I want to go to more places. I haven’t been to the zoo in ages, so maybe it’s time to start going again. Maybe I’ll even go back to Universal Studios. To, you know, see the rest of it, because I only did the Wizarding World and then left. I’m definitely going back to YALLWEST, and maybe I’ll even make my way to the LA Times Festival Of Books. They are on back to back weekends, so that might be a good time for a vacation! Even if I do absolutely nothing during that time.
I’ve been to the movies more times in the last couple of months than I have the rest of the year combined! Since late November, I’ve seen Frozen 2, Stars Wars, Little Women and Knives Out. I remember, just a few years ago, going to the movies a lot more than I have been, and it’s fun to watch something new, instead of re-watching the same two or three shows over and over.
So what do I want to focus on for 2020?
I crochet, but I really love Shutterbean, and her blog is such an inspiration! I want to be more creative and painting and drawing sounds fun but I feel like I have no talent for it. I’ve tried hand-lettering a little, but I’m planning on exploring it more. I also love seeing all of the photos she shares, and at least right now, I’m determined to take more pictures this year. I’ll still crochet, of course, and since it’s taken a backseat over the last few months, I’m going to start crocheting more. It may be time to pick up another big project, like a blanket…or maybe continue the couple of blankets I started and never really went back to or just pick up every once in a while.
And journaling! I used to journal all the time in high school and even college, and then, over time, I just sort of stopped. I have a few sitting on my table, and even though they’re more guided than what I used to do back in high school, I think having something guided will be good. I think it will focus my attention and get me to write about something specific. Maybe, in time, and if I keep up with it, I’ll do more free-form journaling.
I’ve been using the food journal for about 6 months now, and it’s been nice to look back and see what I’m eating. I’ve tried the counting calories food tracking thing, and I always give that up after a week or two. But writing down what I eat allows me to see what I’m eating and what I need to work or what I want to keep doing. Drinking water is something I need to do more of because I don’t drink enough of it! It’s actually more helpful for me than counting calories, but I’m all for whatever is easier for people.
I also want to start cooking and baking again! I love cooking and I love baking even more but I haven’t done a lot of it over the last 6 months or so. I’ve relied a lot on sandwiches and t.v. dinners, mostly because I’ve felt too lazy to cook. But it’s a new year and it’s time to start cooking again. Things got a little weird for a while, and I felt lazy, unmotivated and apathetic. With a new year and a new decade, I’m feeling motivated and determined to make it last.

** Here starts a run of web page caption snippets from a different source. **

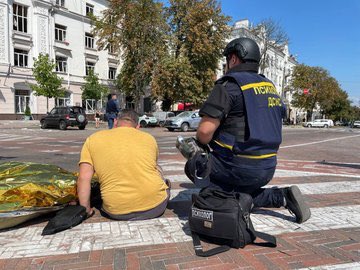 ReznikRina's tweet photo. Я хочу публічно звернутися до @SESU_UA. 
Працівники ДСНС стали для нас національними героями. Кожного дня вони витаскують наших людей з лап смерті. Невже вони не заслуговують поваги від своєї роботи і елементарного захисту їх життя якісними турнікетами, а не китайською підробкою? https://t.co/r14U07efEG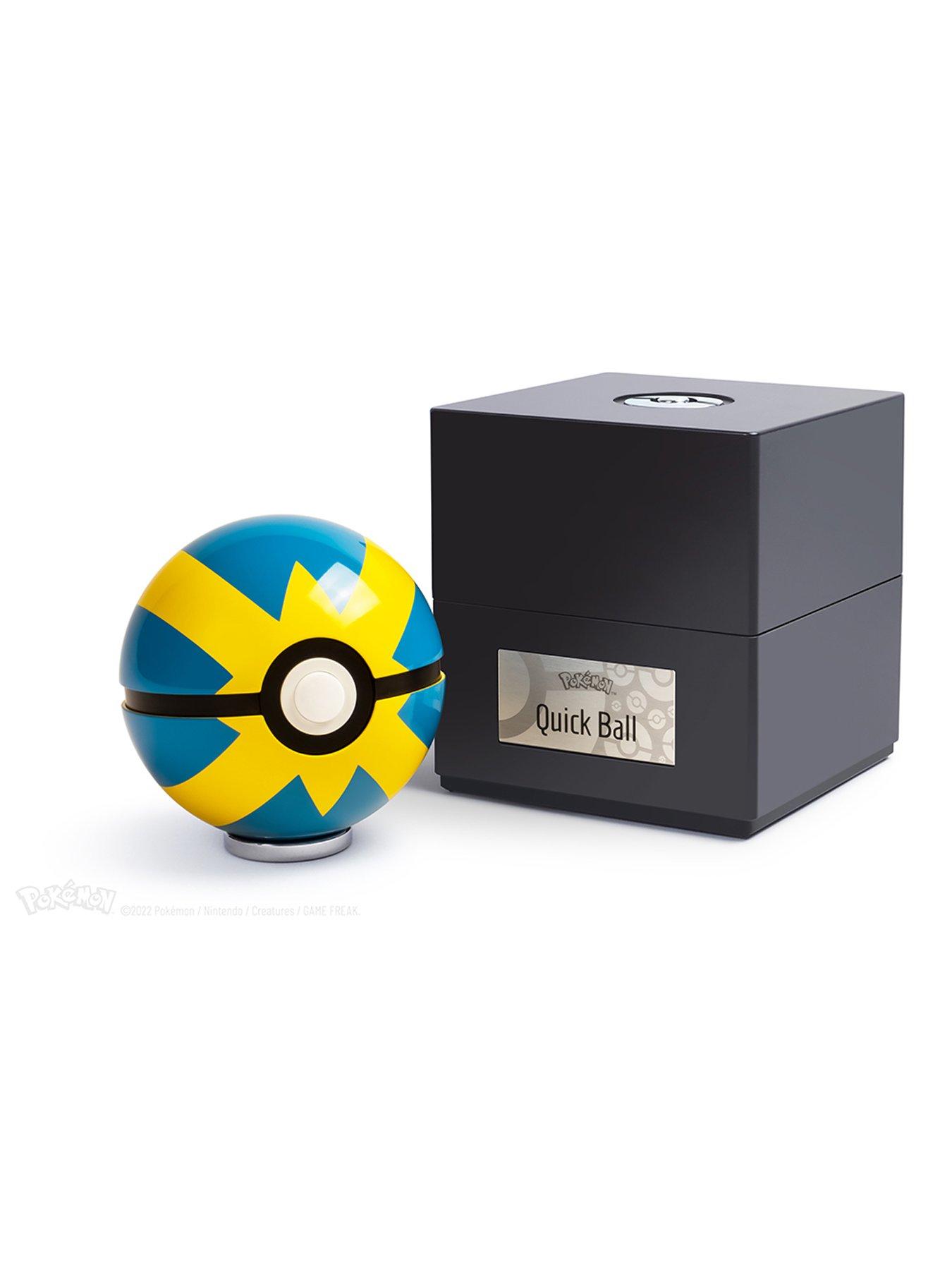 Image 4 of 5 of Pokemon Pokemon Die-Cast Quick Ball Replica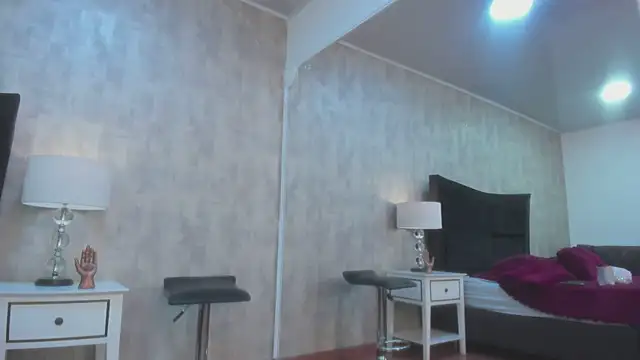 NahomyCarther online show from 11-20-25, 04:12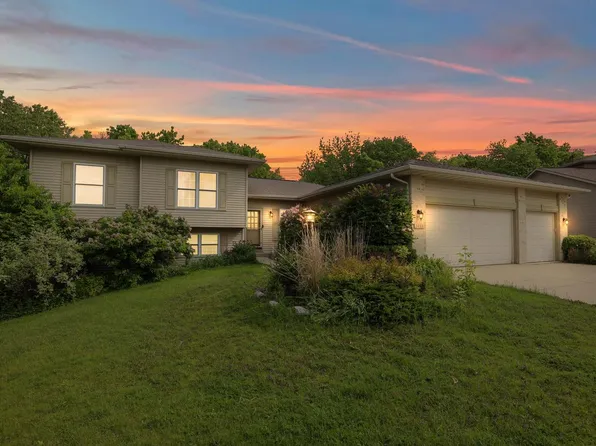 2432 Forest Hill COURT, Waukesha, WI 53188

Back to cooking, though. For a while, I didn’t really feel up to cooking or baking, but having done some of it over the holidays reminded me of how much I like it, and fun it is. I have so many cookbooks, and it’s time to use them every week, instead of every few weeks.
They were both really good, and I have a lot of the Beef Brisket in the freezer right now, because it was a lot more than I could eat. I’m glad I have something I can pull out of the freezer! I have a couple of things I’m going to make, but I have some cookbooks I’m going to go through so I see what I’m in the mood for and put some sort of menu/meal plan together.
Even though creativity and cooking are two big things I want to focus on, I think focus is the underlying current. For part of the year, I haven’t really felt like myself, and I had a hard time focusing on things like crochet and cooking, and over the last few weeks, I’ve felt like I can focus on it again. I think, once I get back into, I’ll be fine, and getting back to being myself and doing things I enjoy. If it means hanging out at the library more, or going to Panera or somewhere else to crochet or doodle or write things that may or may not be nonsense, then I’m going to do it. And maybe make my apartment a place I want to be creative- though it is fun to get out of the house sometimes, and there’s something soothing about not being at home and doing something creative. I’ve always been more productive when I’m not at home.
I’m feeling really excited about a new year and trying out new things.